PROVIDED RECORDS: Begin

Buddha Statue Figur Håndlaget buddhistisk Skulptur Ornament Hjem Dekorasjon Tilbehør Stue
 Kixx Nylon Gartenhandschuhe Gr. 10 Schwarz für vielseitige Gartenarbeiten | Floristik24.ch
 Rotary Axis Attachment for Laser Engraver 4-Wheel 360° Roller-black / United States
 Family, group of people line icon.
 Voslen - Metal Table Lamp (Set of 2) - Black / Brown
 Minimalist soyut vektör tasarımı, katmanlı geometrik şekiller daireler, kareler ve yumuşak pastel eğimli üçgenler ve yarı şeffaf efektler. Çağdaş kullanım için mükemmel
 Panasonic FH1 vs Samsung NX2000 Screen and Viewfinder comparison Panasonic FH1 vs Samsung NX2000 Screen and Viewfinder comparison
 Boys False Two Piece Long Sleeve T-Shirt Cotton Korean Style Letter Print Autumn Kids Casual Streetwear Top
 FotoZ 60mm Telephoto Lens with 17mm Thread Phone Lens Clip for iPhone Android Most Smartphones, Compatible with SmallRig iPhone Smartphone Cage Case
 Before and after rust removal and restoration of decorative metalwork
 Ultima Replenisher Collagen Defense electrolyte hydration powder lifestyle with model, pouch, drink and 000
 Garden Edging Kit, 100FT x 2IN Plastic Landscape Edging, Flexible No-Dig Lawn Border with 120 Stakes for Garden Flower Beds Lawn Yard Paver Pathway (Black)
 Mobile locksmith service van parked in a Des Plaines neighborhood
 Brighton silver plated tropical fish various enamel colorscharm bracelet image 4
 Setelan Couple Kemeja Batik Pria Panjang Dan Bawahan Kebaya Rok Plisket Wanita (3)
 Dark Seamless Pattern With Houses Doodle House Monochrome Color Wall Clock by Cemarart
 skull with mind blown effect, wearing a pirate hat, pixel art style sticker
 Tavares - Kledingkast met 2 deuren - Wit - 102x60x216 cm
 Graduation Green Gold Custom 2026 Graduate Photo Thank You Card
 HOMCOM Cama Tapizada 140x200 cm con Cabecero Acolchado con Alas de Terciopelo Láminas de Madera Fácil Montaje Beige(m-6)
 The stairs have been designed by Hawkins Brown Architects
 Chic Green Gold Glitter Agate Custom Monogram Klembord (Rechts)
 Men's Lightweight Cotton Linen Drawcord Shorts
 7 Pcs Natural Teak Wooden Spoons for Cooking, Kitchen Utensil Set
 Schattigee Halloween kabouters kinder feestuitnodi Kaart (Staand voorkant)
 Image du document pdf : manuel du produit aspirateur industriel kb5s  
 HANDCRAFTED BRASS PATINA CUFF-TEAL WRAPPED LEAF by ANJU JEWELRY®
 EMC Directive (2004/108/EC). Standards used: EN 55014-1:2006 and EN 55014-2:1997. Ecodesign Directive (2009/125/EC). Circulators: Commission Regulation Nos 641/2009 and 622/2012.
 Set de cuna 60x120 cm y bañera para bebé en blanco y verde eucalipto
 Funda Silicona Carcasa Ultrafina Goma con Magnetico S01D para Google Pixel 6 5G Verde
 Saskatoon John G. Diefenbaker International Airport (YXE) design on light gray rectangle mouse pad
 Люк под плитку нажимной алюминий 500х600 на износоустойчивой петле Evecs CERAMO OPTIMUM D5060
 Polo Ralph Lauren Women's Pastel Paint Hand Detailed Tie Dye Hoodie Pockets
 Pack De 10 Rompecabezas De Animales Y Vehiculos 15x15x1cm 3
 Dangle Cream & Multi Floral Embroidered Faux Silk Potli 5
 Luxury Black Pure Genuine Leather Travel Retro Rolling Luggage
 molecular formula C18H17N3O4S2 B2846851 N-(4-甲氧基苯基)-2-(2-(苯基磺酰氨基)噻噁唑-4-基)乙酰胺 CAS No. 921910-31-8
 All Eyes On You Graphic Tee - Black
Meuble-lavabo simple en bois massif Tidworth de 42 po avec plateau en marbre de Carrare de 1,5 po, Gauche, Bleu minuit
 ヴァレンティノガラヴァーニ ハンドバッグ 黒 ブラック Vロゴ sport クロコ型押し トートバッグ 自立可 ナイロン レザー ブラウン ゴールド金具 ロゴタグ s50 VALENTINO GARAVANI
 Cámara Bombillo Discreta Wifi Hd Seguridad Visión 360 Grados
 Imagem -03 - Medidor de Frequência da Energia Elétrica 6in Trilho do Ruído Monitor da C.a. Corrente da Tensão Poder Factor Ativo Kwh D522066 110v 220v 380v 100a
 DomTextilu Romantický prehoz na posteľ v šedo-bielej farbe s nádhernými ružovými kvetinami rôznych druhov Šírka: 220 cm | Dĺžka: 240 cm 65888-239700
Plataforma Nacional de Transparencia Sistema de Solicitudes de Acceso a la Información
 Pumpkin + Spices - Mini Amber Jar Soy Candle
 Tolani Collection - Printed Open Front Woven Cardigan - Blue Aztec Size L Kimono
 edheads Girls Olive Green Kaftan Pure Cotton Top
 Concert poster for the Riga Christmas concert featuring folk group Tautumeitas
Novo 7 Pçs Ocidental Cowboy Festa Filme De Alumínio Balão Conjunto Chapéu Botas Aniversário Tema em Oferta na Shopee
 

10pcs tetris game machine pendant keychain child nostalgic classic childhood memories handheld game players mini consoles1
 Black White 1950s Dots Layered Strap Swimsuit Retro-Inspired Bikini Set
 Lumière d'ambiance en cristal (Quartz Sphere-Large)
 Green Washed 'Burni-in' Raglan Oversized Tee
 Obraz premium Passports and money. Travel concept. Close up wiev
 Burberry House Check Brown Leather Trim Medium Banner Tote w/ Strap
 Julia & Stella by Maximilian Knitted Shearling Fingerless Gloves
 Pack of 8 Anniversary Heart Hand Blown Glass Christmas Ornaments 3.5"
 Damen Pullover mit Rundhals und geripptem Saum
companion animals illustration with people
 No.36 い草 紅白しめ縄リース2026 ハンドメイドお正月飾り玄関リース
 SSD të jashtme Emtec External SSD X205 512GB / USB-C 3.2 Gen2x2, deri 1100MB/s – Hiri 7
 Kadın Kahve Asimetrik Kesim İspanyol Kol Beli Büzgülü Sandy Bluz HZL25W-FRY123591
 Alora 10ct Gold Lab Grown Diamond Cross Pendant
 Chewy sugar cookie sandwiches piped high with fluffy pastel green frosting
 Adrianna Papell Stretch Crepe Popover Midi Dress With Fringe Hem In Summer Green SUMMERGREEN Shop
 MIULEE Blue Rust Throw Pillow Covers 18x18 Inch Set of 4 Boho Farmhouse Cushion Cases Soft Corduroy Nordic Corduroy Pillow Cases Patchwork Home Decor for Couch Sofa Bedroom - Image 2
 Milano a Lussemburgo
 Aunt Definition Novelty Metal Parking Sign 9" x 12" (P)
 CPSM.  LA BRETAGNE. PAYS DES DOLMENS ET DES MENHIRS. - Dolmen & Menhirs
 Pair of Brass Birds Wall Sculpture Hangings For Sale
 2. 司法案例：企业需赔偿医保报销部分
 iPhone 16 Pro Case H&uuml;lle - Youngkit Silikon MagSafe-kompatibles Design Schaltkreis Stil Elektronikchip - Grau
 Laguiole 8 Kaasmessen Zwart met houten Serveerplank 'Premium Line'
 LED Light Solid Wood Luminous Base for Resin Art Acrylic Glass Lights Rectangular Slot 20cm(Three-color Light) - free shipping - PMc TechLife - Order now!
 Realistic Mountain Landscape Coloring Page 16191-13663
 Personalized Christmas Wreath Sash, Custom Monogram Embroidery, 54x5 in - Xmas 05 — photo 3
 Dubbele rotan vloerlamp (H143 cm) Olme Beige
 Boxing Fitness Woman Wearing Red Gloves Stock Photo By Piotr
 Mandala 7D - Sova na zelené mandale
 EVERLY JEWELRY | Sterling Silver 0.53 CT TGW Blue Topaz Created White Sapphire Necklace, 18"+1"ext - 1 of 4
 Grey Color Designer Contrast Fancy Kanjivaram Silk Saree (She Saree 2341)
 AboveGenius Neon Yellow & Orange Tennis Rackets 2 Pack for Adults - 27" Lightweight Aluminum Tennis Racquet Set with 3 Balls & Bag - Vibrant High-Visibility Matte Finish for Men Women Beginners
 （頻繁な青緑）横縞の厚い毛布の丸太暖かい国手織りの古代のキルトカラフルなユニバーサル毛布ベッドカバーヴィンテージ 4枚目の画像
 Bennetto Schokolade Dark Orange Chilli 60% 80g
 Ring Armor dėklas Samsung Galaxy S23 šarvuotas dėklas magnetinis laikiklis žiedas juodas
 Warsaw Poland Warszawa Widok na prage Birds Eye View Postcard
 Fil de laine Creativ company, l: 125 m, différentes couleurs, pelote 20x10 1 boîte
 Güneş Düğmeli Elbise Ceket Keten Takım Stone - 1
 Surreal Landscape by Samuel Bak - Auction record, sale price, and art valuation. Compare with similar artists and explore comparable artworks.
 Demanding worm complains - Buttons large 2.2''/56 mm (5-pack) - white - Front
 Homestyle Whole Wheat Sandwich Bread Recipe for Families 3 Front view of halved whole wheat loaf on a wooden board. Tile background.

PROVIDED RECORDS: End

__REQUIREMENT__
Counting only lines that hold "iPhone", report how many there are in the records above, as a bare number.

__OUTPUT OF THE TASK__
2